Getting started

Let's suppose you already downloaded CRAC (if not, it is not too late!). We now explain how to install it and how to launch it (without entering details).

Installing CRAC

From the deb package

You just need to install the package using a dedicated program on your distribution or by typing dpkg -i package-name, where package-name must be replaced by the name of your package. This will install crac as well as crac-index (to create indexes working with CRAC) on your system.

From the source code

  1. Unpack the archive
  2. Enter the directory crac-version-number
  3. Type ./configure
  4. If everything went fine, run make
  5. You may want to check everything is ok by running make check
  6. Finally, you can install the software on your system by running make install

If the configure step failed, that may be due to a missing library. In particular the zlib is needed. On a Debian or Debian-like system, you'll need to install zlib1g, zlib1g-dev.

On a Galaxy instance

Using CRAC

CRAC relies on a pre-computed index of the genome, as Bowtie or BWA do. The first step is therefore to build such an index, if it is not done yet. Another solution is to download one of the precomputed indexes.

Indexing

If you still need to index your genome, we explain it in the following:

The crac-index program is the one that creates an index for a genome. For creating such an index, you must launch a command as this one:

crac-index index myIndex sequence1.fa sequence2.fa sequence3.fa

The first parameter (index) specifies that we want to create an index. The second parameter (myIndex) is the name of the index to be created. The following parameters are FASTA or multi-FASTA files containing the sequences to be indexed.

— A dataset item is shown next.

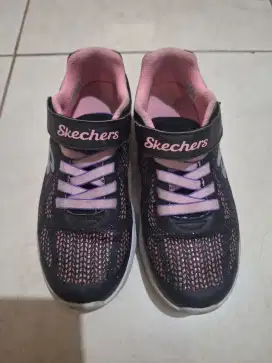 PL sepatu anak merk SKECHERS ORIGINAL size 35 insole 22cm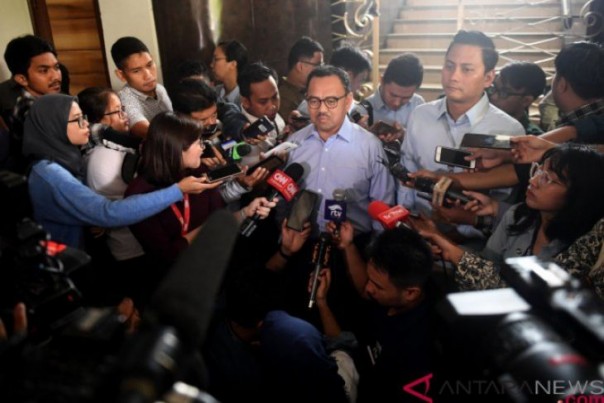 Tim Prabowo-Sandi, Sudirman Said kepada pers, Rabu.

The creation of the index always generates two files: a .ssa file and a .conf file. Please, note that the extensions must not be provided neither to crac-index nor to crac.

If needed, the original sequences can be recovered using the CRAC index. Therefore you can delete the original FASTA files to save space. This recovery can be done using the following command:

crac-index get sequences.fa myIndex

This will output all the sequences indexed in myIndex.ssa in the file sequences.fa.

Launching CRAC

Once an index has been built, CRAC can be used with that index. CRAC must always be launched with at least three parameters.

  • -i the name of the index (e.g. myIndex, recall that the extension must not be provided!)
  • -r the name of the FASTA or FASTQ file containing the reads (the input file may also be compressed using gzip)
  • -k the length of the k-mer to be used, we recommend to set k to 22 for the human genome for a better accuracy.

The value of k is very important for the algorithm. You must not underestimate it, otherwise the results will be of no utility. It must be chosen to ensure (as much as possible) that a k-mer has a very high probability to occur a single times on the genome.

If the read length is fixed, we deeply recommend you to specify the read length, by using the -m parameter. CRAC will therefore be much faster.

You may also want some output to be created to know what was mapped, what was not, and where. CRAC can produce a SAM file by specifying the name of the SAM output file using the --sam parameter.

As an example, CRAC can be launched with those parameters:

crac -i myIndex -k 22 -r reads.fastq -m 200 --sam output.sam --nb-threads 10

In that example CRAC is launched on the genome indexed in myIndex, with 22-mers on the reads stored in reads.fastq. All reads are 200bp-long (or are truncated if longer, or ignored if shorter). The output is written in the output.sam file and the program is launched in parallel on 10 threads.